Historians of reading and libraries must do more to consider the consumption of knowledge in the British colonial world and its role in violently perpetuating the institution of slavery, culturally and economically. The upcoming AHRC project, Eighteenth-Century Libraries Online, for instance, promises to construct an immensely rich resource to trace the economic, social, political and cultural backgrounds of library subscribers as well as tracing their collective reading habits. As historians, moreover, we must be attentive to the problematic foundations of our own discipline. History books made up the top four books known to have been held by subscription libraries in Britain and America across the eighteenth-century, highlighting the flourishing of our discipline during the Enlightenment. In the Anglo-Caribbean literary communities of Jamaica and Barbados, these lovers of history were accruing their financial capital through an exploitative system of enslavement.

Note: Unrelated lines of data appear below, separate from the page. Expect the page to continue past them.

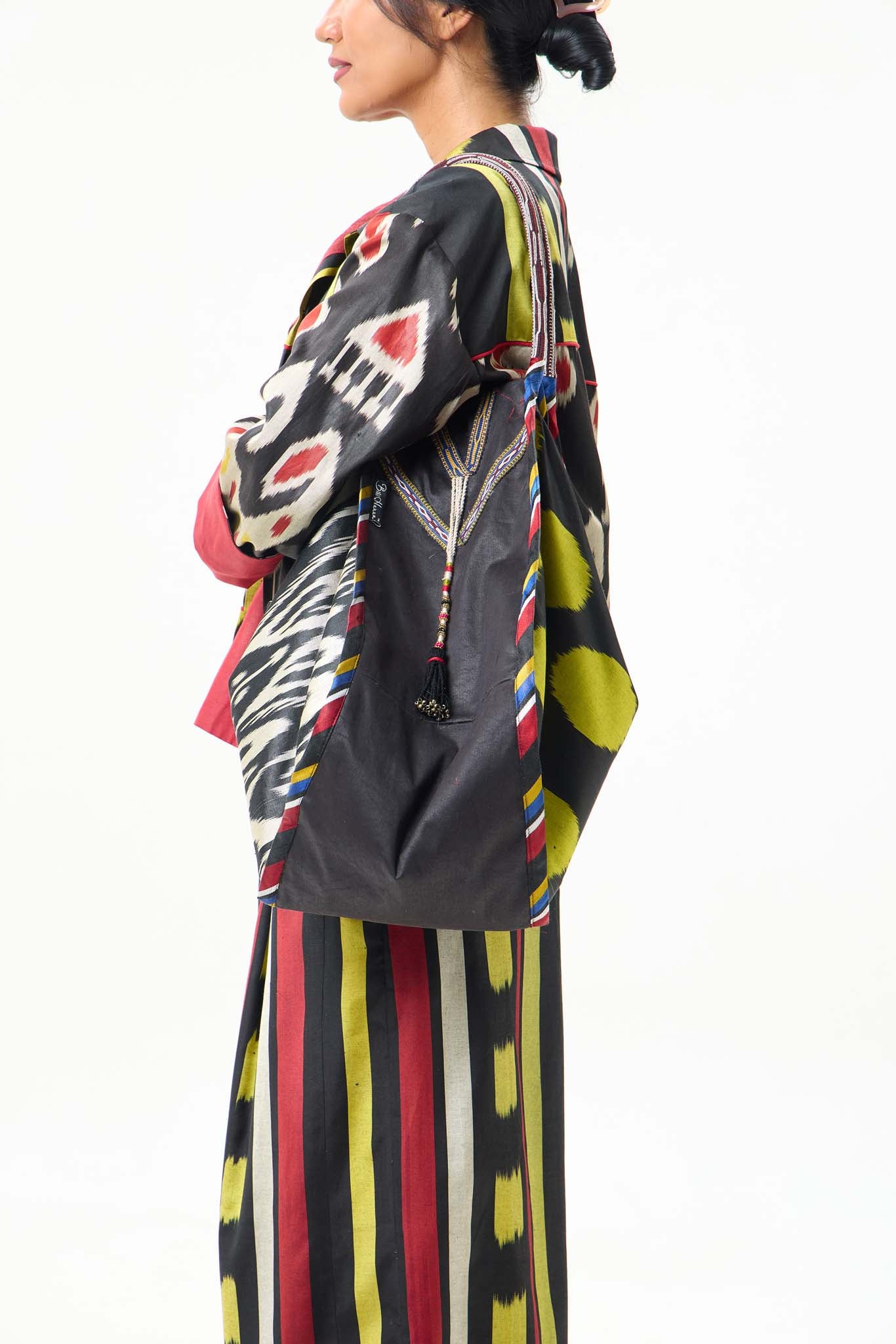 LARGE SILK IKAT COMBO HOBO BAG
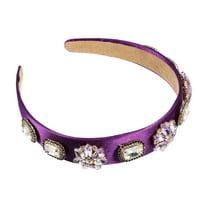 Unique Bargains Bling Rhinestone Headband Vintage Flowers Rhinestone Purple Satin Wide Edge Headband for Women, 1Pcs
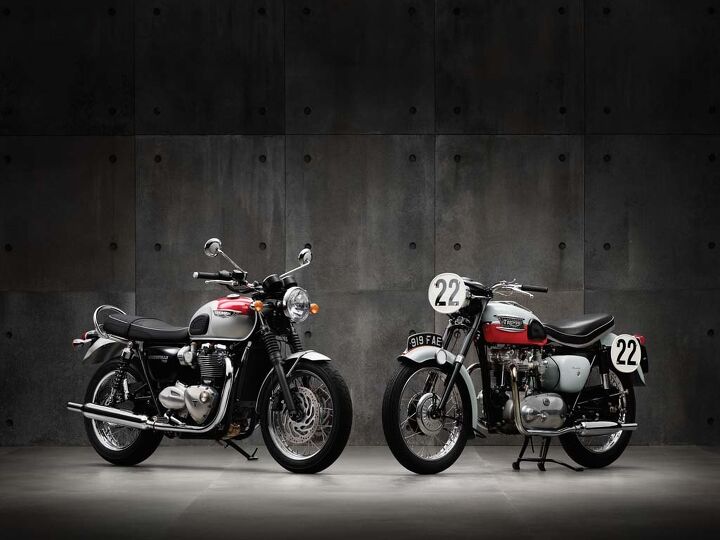 triumph announces three new engine configurations and five all new models for 2016, Family resemblance The 2016 Bonneville T120 and the 1959 Bonneville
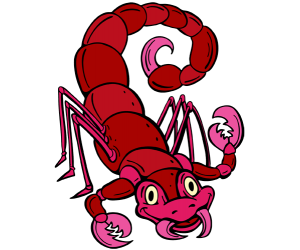 Un escorpión, un arácnido depredador y venenoso Juego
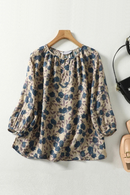 Blue Floral Linen Lantern Sleeve T-shirt Loose Women Blouse Shirt Female Clothing Tops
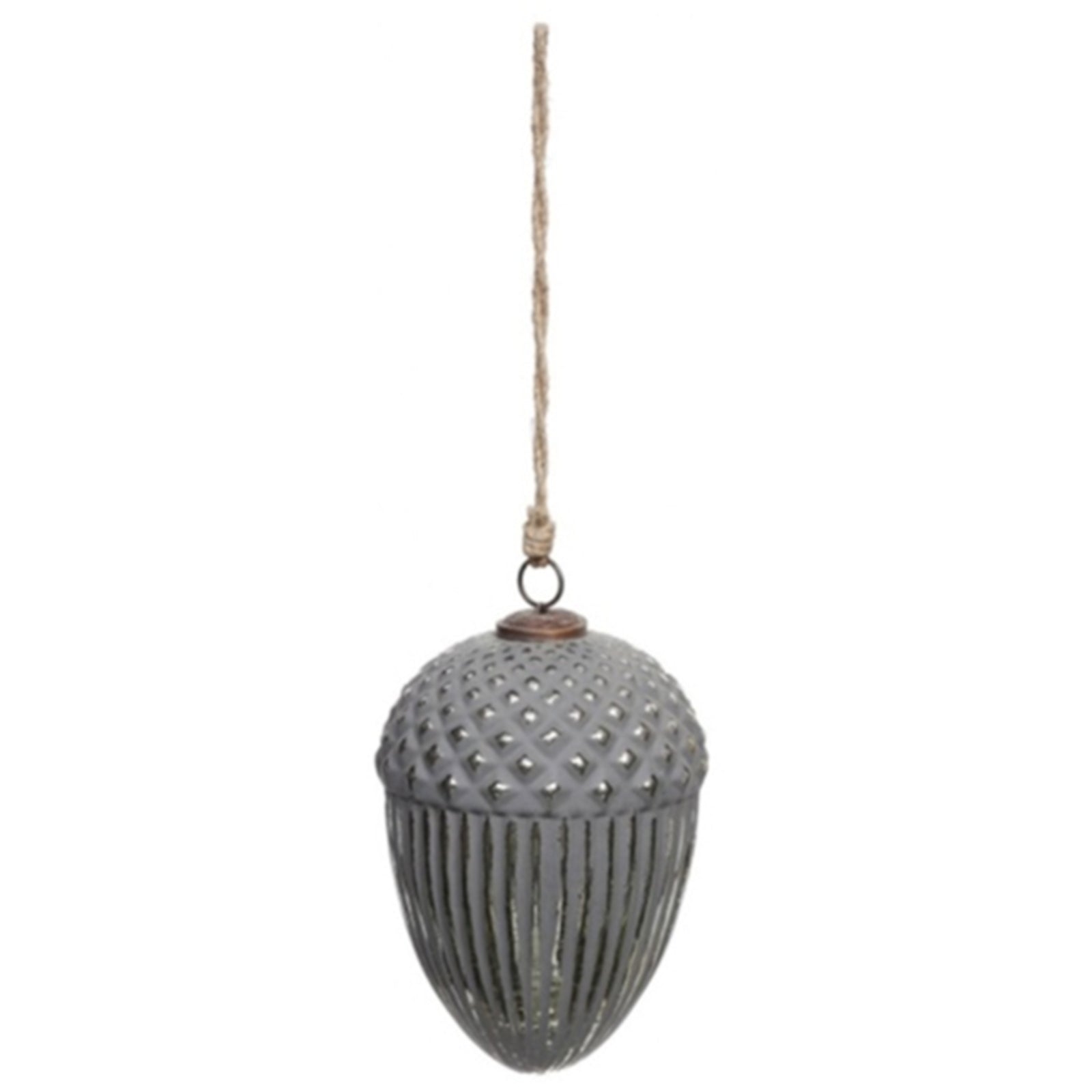 Grey Metallic Collection Large Acorn Bauble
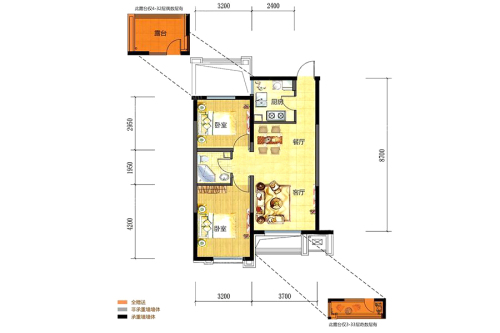 盾安·新一尚品6#-A户型-6#-A户型-2室2厅1卫1厨建筑面积82.87平米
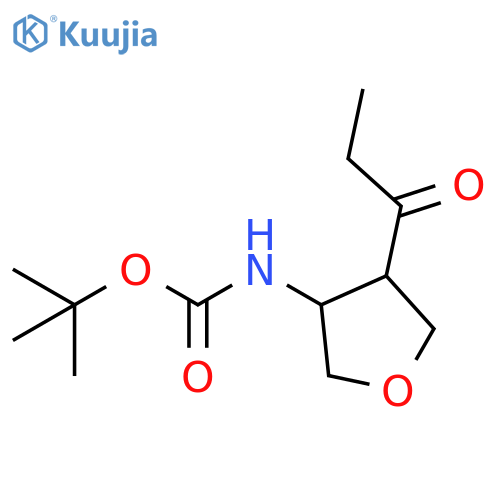 Carbamic acid, N-[tetrahydro-4-(1-oxopropyl)-3-furanyl]-, 1,1-dimethylethyl ester structure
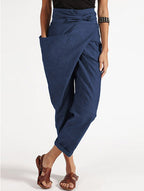 Damen nan Wickelhose aus Leinenmix mit hohem Taillenbund, überlappender Vorderseite und großzügiger Eingrifftasche R&B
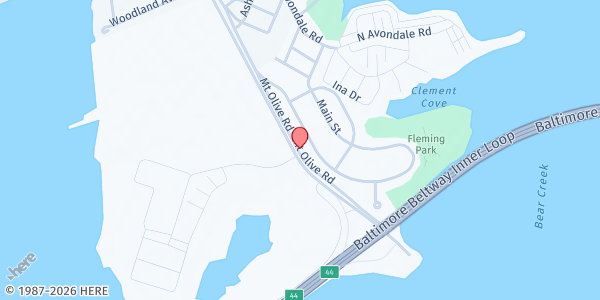 Map showing Mount Olive Baptist Church at 651 Mount Olive Road, Dundalk, MD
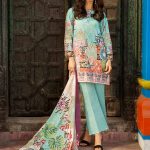 Refreshing Ferozi unstitched Pakistani pret dress by Pareesa printed clothes 2018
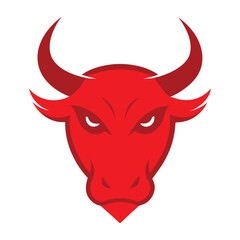 red angry bull with hons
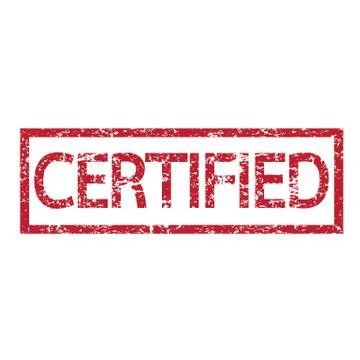 Stamp certified text Stock Illustration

Literary institutions in Jamaica and Barbados join similar libraries and societies in Bombay, the East India Company, colonial South Africa and Tasmania, to form an expansive ‘imagined community’ of readers across the British empire. To this list we can also add Grenada, Calcutta, Bermuda, and even the Literary Society of Free People of Colour in Trinidad and Tobago, as well as countless colonial immigrants whose under-researched inventories detail their book collections. The future of library history must look at the uncomfortable and inextricable ties between Enlightenment and whiteness, which were at the centre of formal literary institutions across the British Empire. Books and education can empower people, but as Nicholas Thomas has aptly put it, ‘knowing was never a one-way activity’.